Drosophila early oogenesis. Each ovariole is made of a chain of progressively more mature egg chambers toward the posterior (P). An egg chamber comprises 16 germline cells surrounded by a monolayer of follicle cells. The egg chambers are produced at the anterior (A) of the ovariole in the germarium, which is divided into four morphological regions along the anterior-posterior axis. The germline stem cells reside at the anterior tip of the germarium (left) and divide to produce cystoblasts, which divide four more times in region 1 to produce 16 cell germline cysts that are connected by ring canals. The stem cells and cystoblasts contain a spectrosome (red circles), which develops into a branched structure called the fusome, which orients each division of the cyst.

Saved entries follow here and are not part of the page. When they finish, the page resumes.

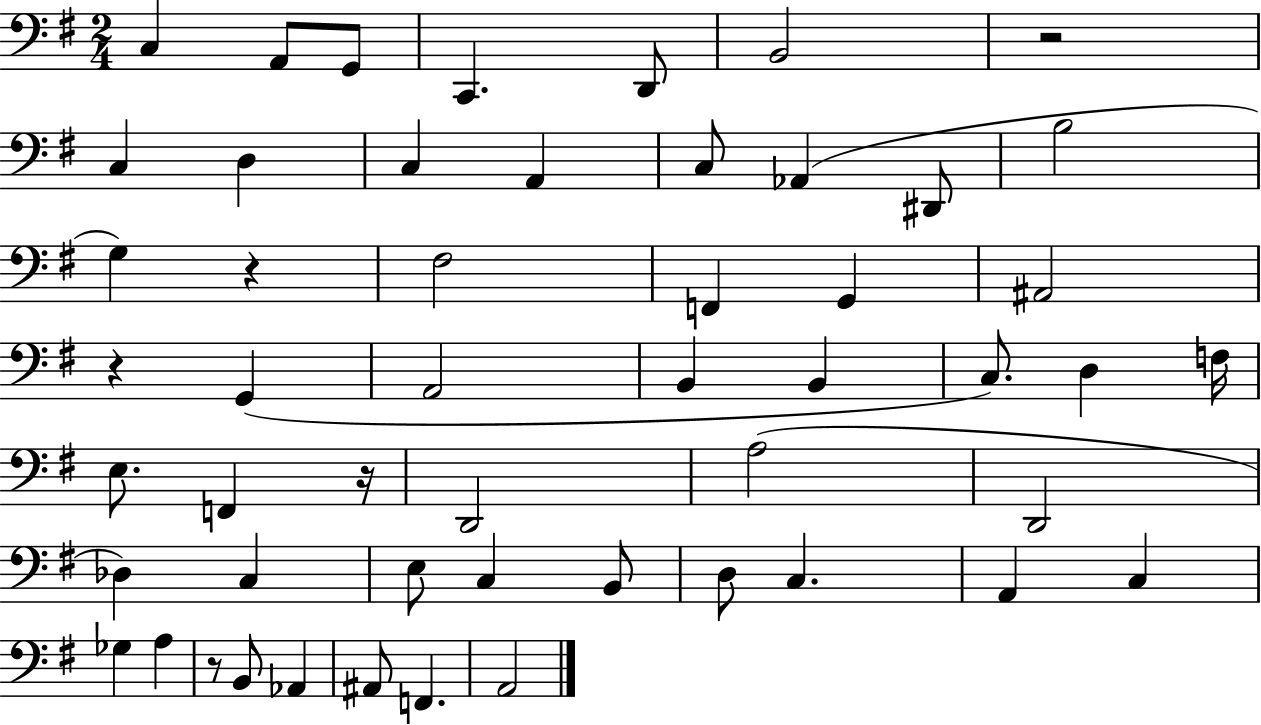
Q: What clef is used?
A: bass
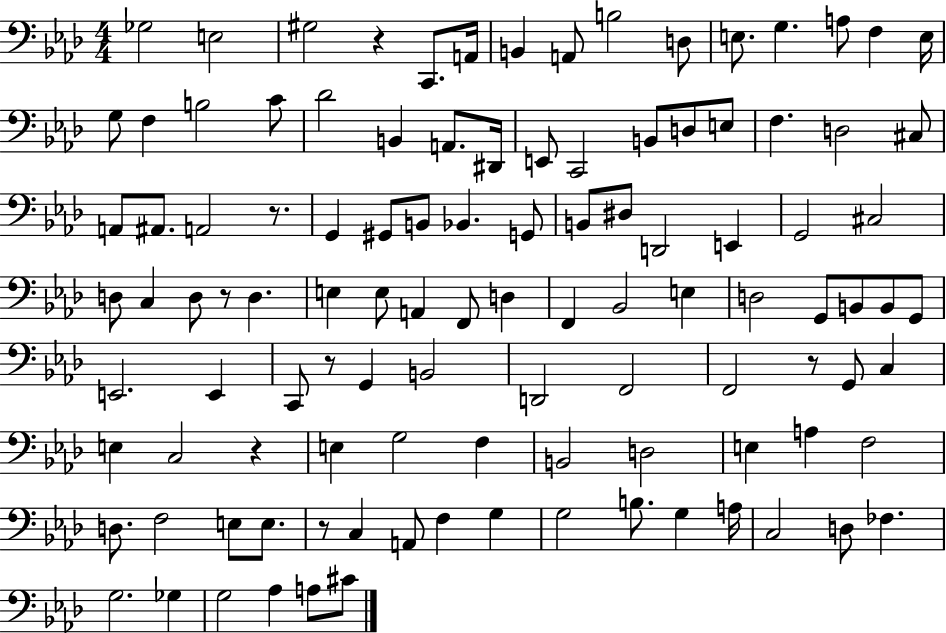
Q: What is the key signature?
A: AES major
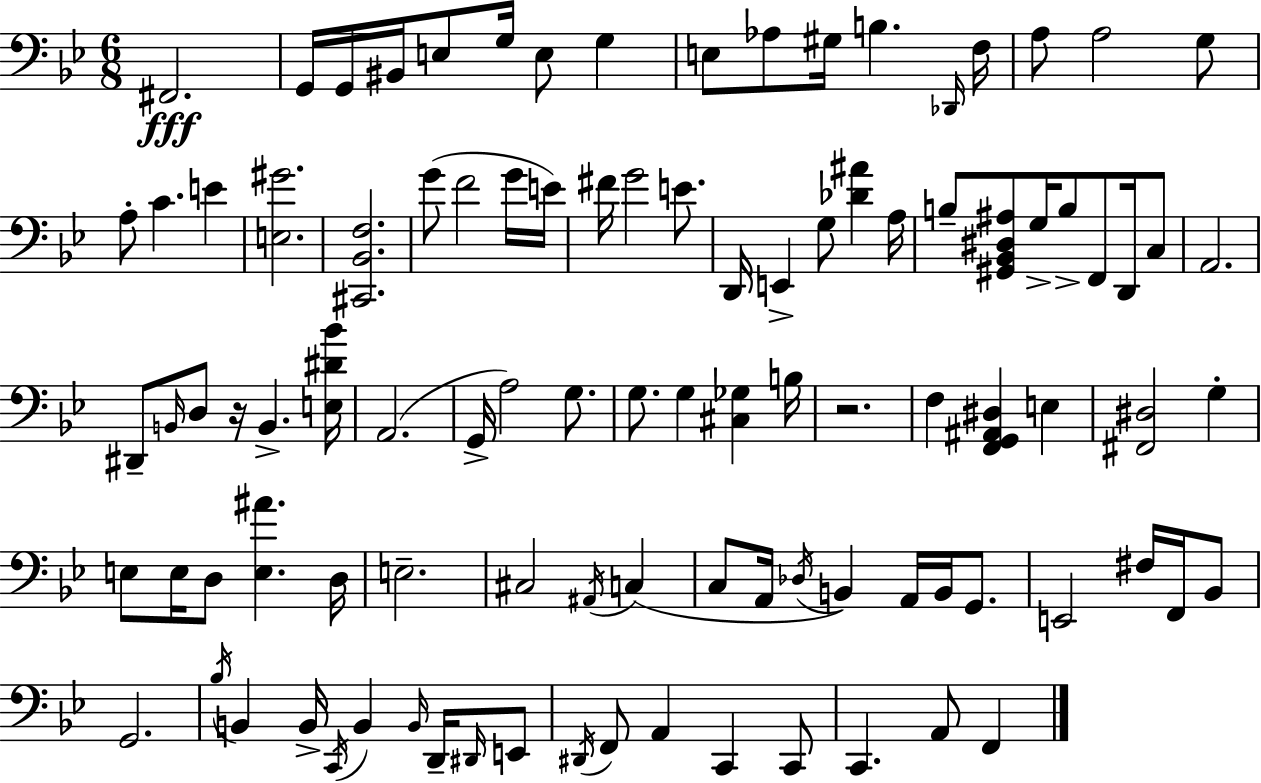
{
  \clef bass
  \numericTimeSignature
  \time 6/8
  \key bes \major
  fis,2.\fff | g,16 g,16 bis,16 e8 g16 e8 g4 | e8 aes8 gis16 b4. \grace { des,16 } | f16 a8 a2 g8 | \break a8-. c'4. e'4 | <e gis'>2. | <cis, bes, f>2. | g'8( f'2 g'16 | \break e'16) fis'16 g'2 e'8. | d,16 e,4-> g8 <des' ais'>4 | a16 b8-- <gis, bes, dis ais>8 g16-> b8-> f,8 d,16 c8 | a,2. | \break dis,8-- \grace { b,16 } d8 r16 b,4.-> | <e dis' bes'>16 a,2.( | g,16-> a2) g8. | g8. g4 <cis ges>4 | \break b16 r2. | f4 <f, g, ais, dis>4 e4 | <fis, dis>2 g4-. | e8 e16 d8 <e ais'>4. | \break d16 e2.-- | cis2 \acciaccatura { ais,16 } c4( | c8 a,16 \acciaccatura { des16 }) b,4 a,16 | b,16 g,8. e,2 | \break fis16 f,16 bes,8 g,2. | \acciaccatura { bes16 } b,4 b,16-> \acciaccatura { c,16 } b,4 | \grace { b,16 } d,16-- \grace { dis,16 } e,8 \acciaccatura { dis,16 } f,8 a,4 | c,4 c,8 c,4. | \break a,8 f,4 \bar "|."
}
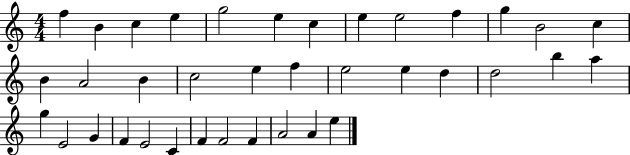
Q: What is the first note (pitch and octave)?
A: F5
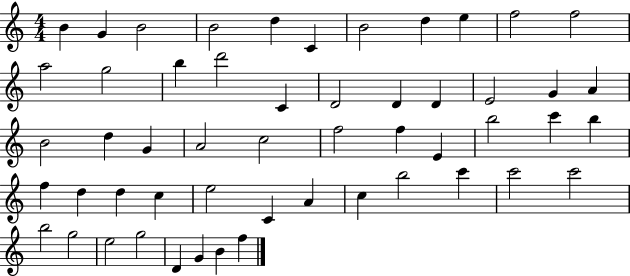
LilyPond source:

{
  \clef treble
  \numericTimeSignature
  \time 4/4
  \key c \major
  b'4 g'4 b'2 | b'2 d''4 c'4 | b'2 d''4 e''4 | f''2 f''2 | \break a''2 g''2 | b''4 d'''2 c'4 | d'2 d'4 d'4 | e'2 g'4 a'4 | \break b'2 d''4 g'4 | a'2 c''2 | f''2 f''4 e'4 | b''2 c'''4 b''4 | \break f''4 d''4 d''4 c''4 | e''2 c'4 a'4 | c''4 b''2 c'''4 | c'''2 c'''2 | \break b''2 g''2 | e''2 g''2 | d'4 g'4 b'4 f''4 | \bar "|."
}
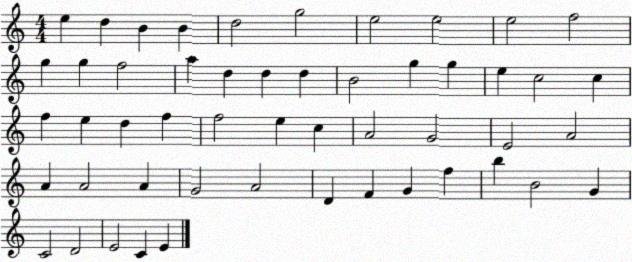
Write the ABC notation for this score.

X:1
T:Untitled
M:4/4
L:1/4
K:C
e d B B d2 g2 e2 e2 e2 f2 g g f2 a d d d B2 g g e c2 c f e d f f2 e c A2 G2 E2 A2 A A2 A G2 A2 D F G f b B2 G C2 D2 E2 C E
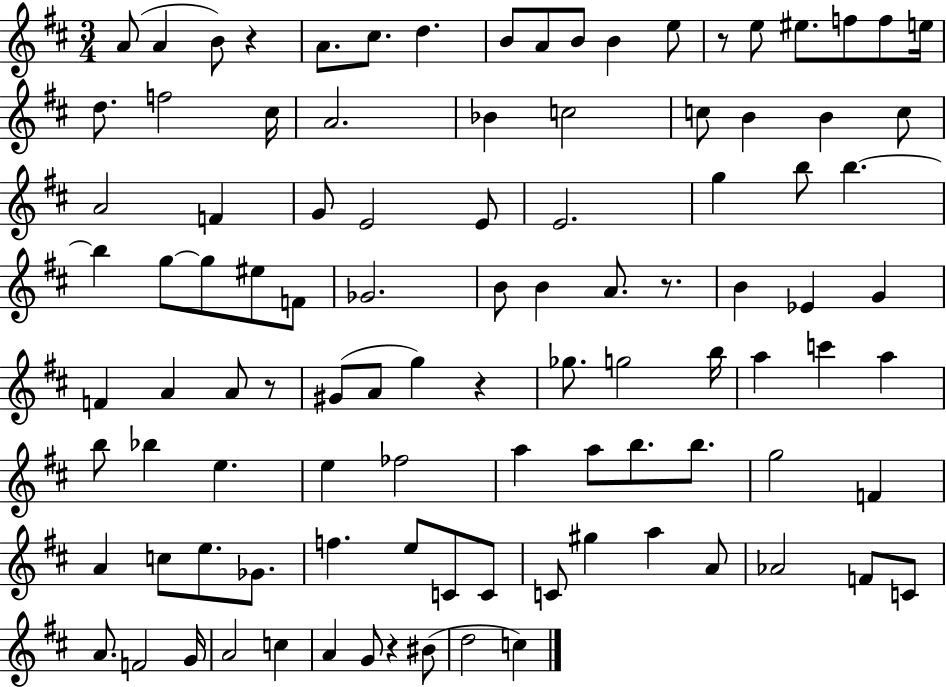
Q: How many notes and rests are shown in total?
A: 101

In late region 2a, the synaptonemal complex (red lines), which is a marker of meiosis, is restricted to the two cells with four ring canals (pro-oocytes, yellow). By region 2b, the oocyte has been selected and is the only cell to remain in meiosis. In region 2a, cytoplasmic proteins, mRNAs and mitochondria (green), and the centrosomes (blue circles) progressively accumulate at the anterior of the oocyte. The follicle cells (gray) also start to migrate and surround the germline cells. As the cyst moves down to region 3, the oocyte adheres strongly to the posterior follicle cells and repolarizes along its anterior-posterior axis, with the microtubule minus-ends and specific cytoplasmic components now localized at the posterior cortex (adapted from ).

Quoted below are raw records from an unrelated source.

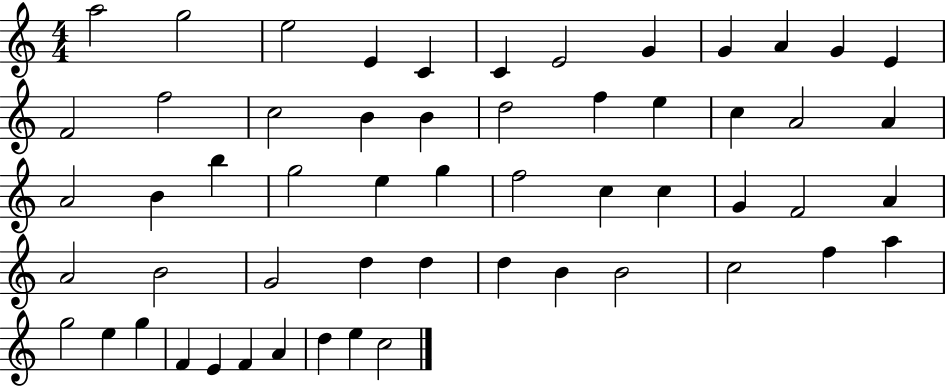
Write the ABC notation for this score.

X:1
T:Untitled
M:4/4
L:1/4
K:C
a2 g2 e2 E C C E2 G G A G E F2 f2 c2 B B d2 f e c A2 A A2 B b g2 e g f2 c c G F2 A A2 B2 G2 d d d B B2 c2 f a g2 e g F E F A d e c2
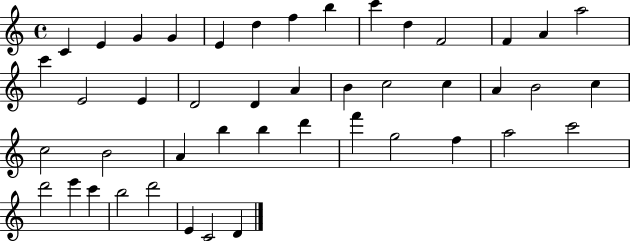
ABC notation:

X:1
T:Untitled
M:4/4
L:1/4
K:C
C E G G E d f b c' d F2 F A a2 c' E2 E D2 D A B c2 c A B2 c c2 B2 A b b d' f' g2 f a2 c'2 d'2 e' c' b2 d'2 E C2 D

CG11188 corresponds to Drosophila AATF/Che-1, a nucleolar protein involved in oogenesis. (A) Schematic representation of CG11188 (red arrow) genomic region and genes located nearby (gray arrows) in 2L chromosome. The deficiency leading to lethality when crossed with mutated alleles of CG11188 is shown by a red line. (B) Schematic representation of CG11188 gene. Black arrow shows the sense of transcription. White boxes correspond to 3′UTR and 5′UTR. Gray box corresponds to the coding sequence. CG11188^29.3 allele codes for a truncated protein (Q235stop) and available transposon insertions are shown. (C) Drosophila AATF/Che-1 conserved protein domains are depicted: acidic domains are in light pink; leucine zipper is in red; nuclear localization signals (NLS) are in gray; putative serine (S) phosphorylated by ataxia telengiectasia (ATM) or by checkpoint kinase 2 (Chk2) are indicated by a yellow or an orange star, respectively. (D) Mosaic ovarioles dissected from hsFLP; AATF/Che-1^21.3 FRT40A flies were fixed and stained for Orb (red) and DAPI (blue). Mutant egg chambers can be easily detected by the absence of NLS-GFP. Magnification shows Orb mislocalized to the anterior of the oocyte in a mutant arrested chamber indicated by a white arrow. (E−F) Same flies as in D overexpressing CG11188-GFP were dissected. Ovarioles were fixed and stained for Orb (red) and for DAPI (blue). (E) WT egg chambers express nls-GFP and CG11188-GFP. (F) Mutant chambers only express CG11188-GFP. Magnifications correspond to: 1, GFP signal in a nurse cell. 2, GFP and Orb localization in the oocyte. CG11188-GFP rescues Orb localization and egg chamber growth. (G) Same flies as in E−F were stained for the nucleolar protein Wicked. Magnifications correspond to nurse cells in which nucleolar GFP and wicked signals can be discriminated from nuclear DAPI signal. CG11188-GFP and Wicked perfectly colocalized in the germline.